Related: These 8 Carb-Heavy Foods Will Help You Lose Your Gut

Break it: You don’t have to go cold turkey (though turkey on whole wheat is always smart). McDaniel suggests that your reward for a healthy week should be one cheat meal, not an entire weekend of them.

After all, having an all-you-can-eat weekend is like eating poorly for nearly 30 percent of your week. That means you’d be eating well just 70 percent of the time. We call that a C minus. Do you really want below-average results?

Gorging on salt

Sodium causes us to eat unconsciously. It adds up fast: popcorn at the movies, chips during the game, peanuts at the bar.

Break it: Salt cravings go away after a couple of weeks on a reduced-salt diet, says Dr Thomas Moore, an associate provost at Boston University medical center.

Not many men can replace their favourite snacks with carrots or celery, but give them a try: The crunch may be what you crave.
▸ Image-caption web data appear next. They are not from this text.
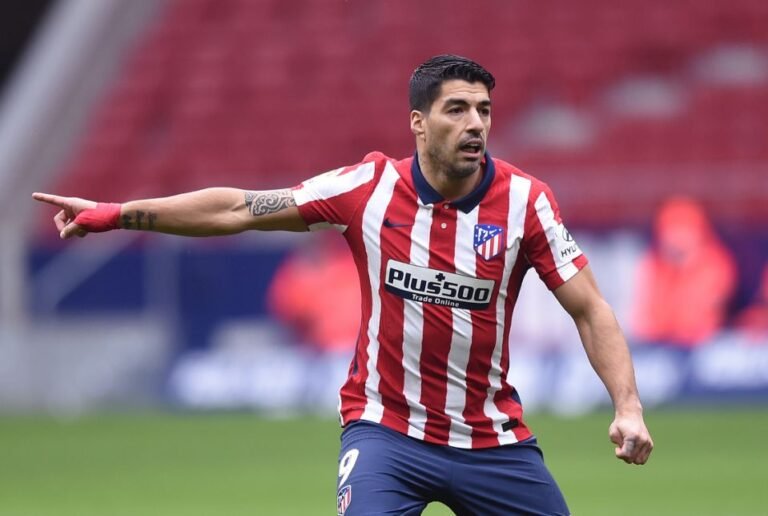 A surpreendente cláusula do contrato de Luis Suárez com o Atletico de Madrid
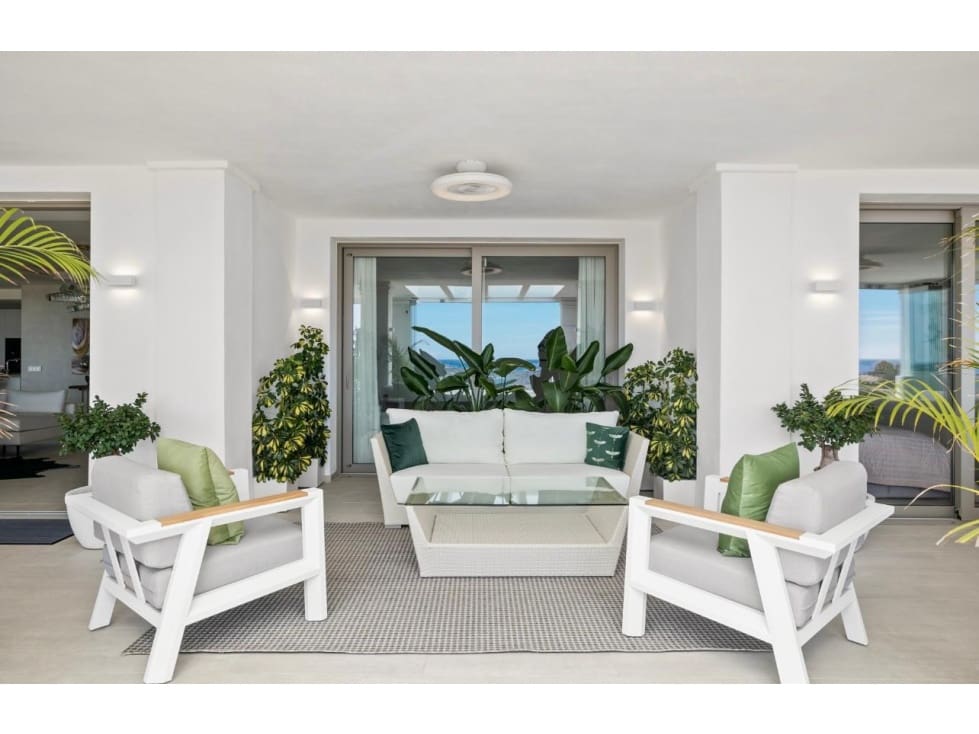 7 makuuhuone Huoneisto myytävänä paikassa Nueva Andalucia mukana uima-altaan - 3 950 000 € (Ref: 8735105)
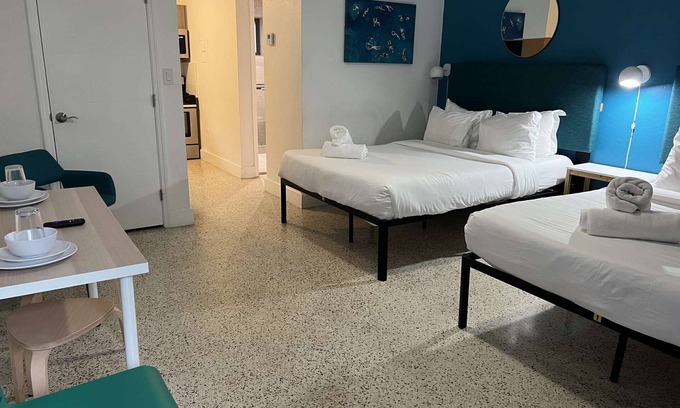 The Roads Condo | ✨ New Studio plus FREE parking fee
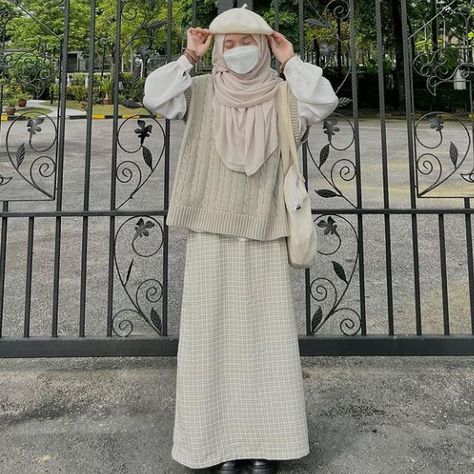 Outfit Muslimah Aesthetic, Hijabi Dress Outfits, Aesthetic Muslim Outfits, Outfit Muslim, Muslimah Fashion Casual, Rok Outfit, Muslimah Outfit, Hijab Look, Muslim Fashion Hijab Outfits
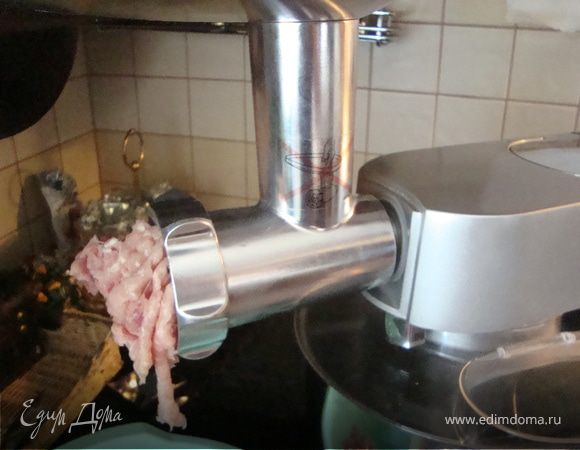 Перекручиваем его на мясорубку с крупной решеткой.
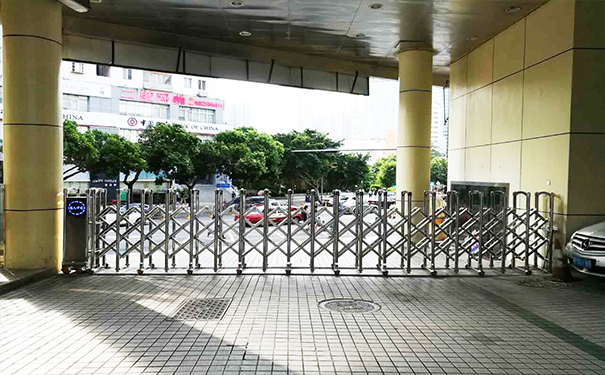 政府單位停車不銹鋼伸縮門 政府單位停車不銹鋼伸縮門
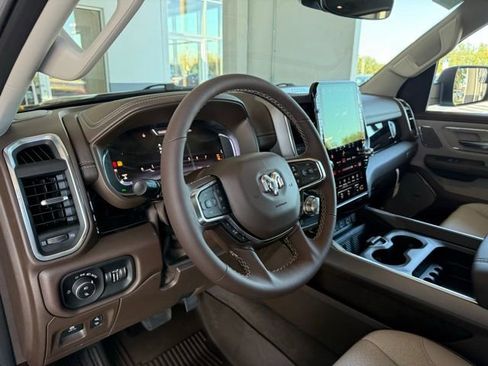 New 2026 RAM 1500 Laramie AWD/4WD image 18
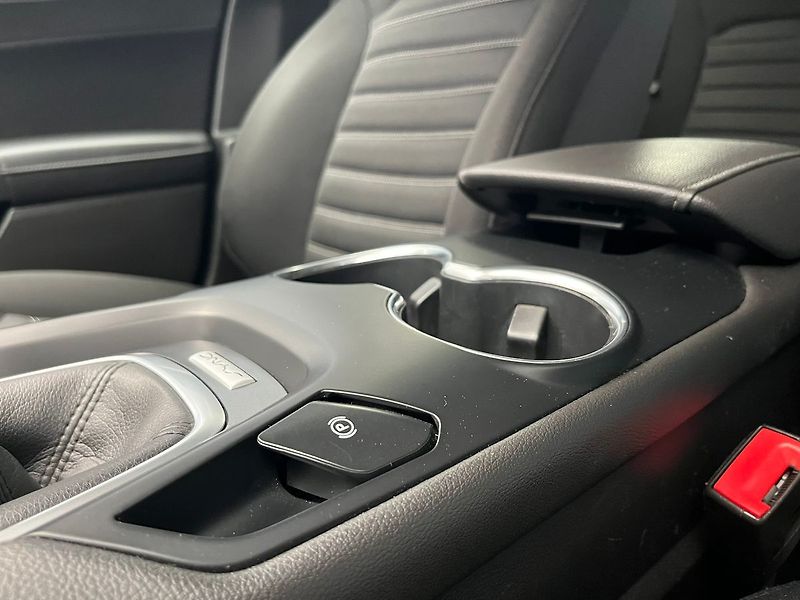 Ford Mondeo 110 kW, MANUÁL, TAŽNÉ - fotka 28 z 69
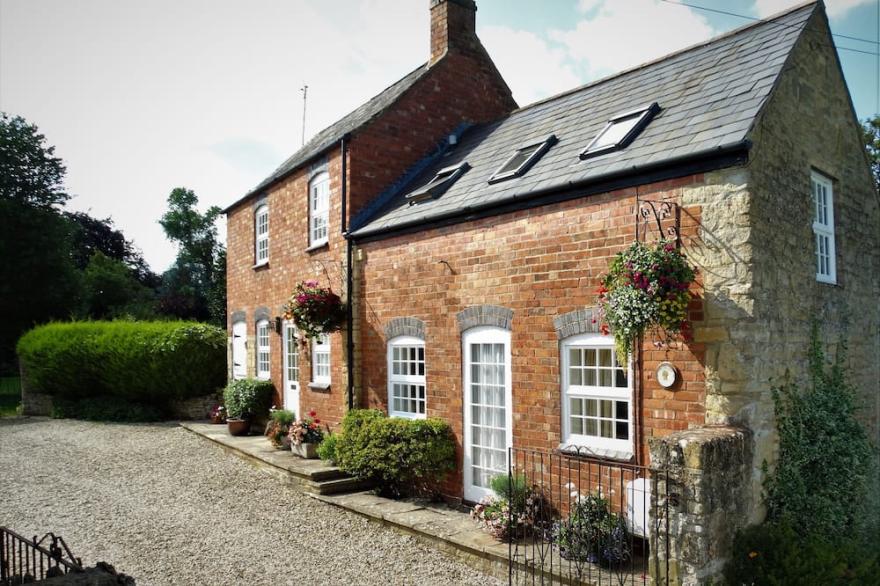 Lovely Quiet Cottage In Kemerton!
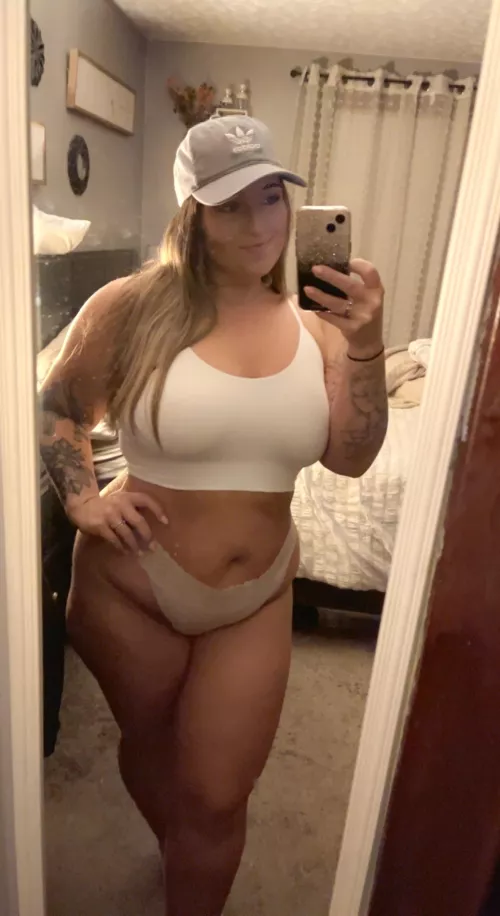 Didn’t wanna get dressed today😒 F30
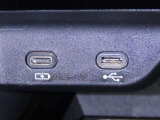 USB端子と充電用USB端子を装備しております。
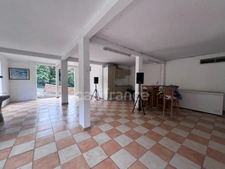 À vendre - Maison T7 de 201 m² + 100 m² non habitable sur un terrain de 1493 m² - LE MARIN (972)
Related: 7 Weightloss Snacks That Will Actually Keep You Full

Otherwise, try small amounts of low-sodium chips and pretzels. As you’re cooking a dish, skip the salt and, if you want, add just a dash at the table.

“Salt added to the surface of a food item is far more noticeable than the same amount of salt cooked into a recipe,” says Dr. Moore. A slow reduction of your salt habit pays off in fewer cravings, he says.

Drinking

Alcohol, that is. Here’s an exercise to start tonight: Write down how much beer, wine, and other drinks you consume in a week. (Use that cocktail napkin.) You may surprise yourself.

Calculate the kilojoules and expect another surprise. A reasonable-sounding two beers a night can mean more than 8300 kilojoules a week—almost an extra day’s worth. It can take more than 2 hours of running to burn that off. Besides the empty kilojoules, booze undermines your willpower, says registered dietician, Dawn Jackson Blatner, spokeswoman for the American Dietetic Association. Which leads to impulse orders of, say, Buffalo wings.

Break it: Try quitting—for just a week. Check your weight and how your pants fit. See if you can live on less. When you do drink, switch to lower-carb dry red wine (about 4 grams of carbohydrates compared with almost 13 in a regular beer) or low-carb beer.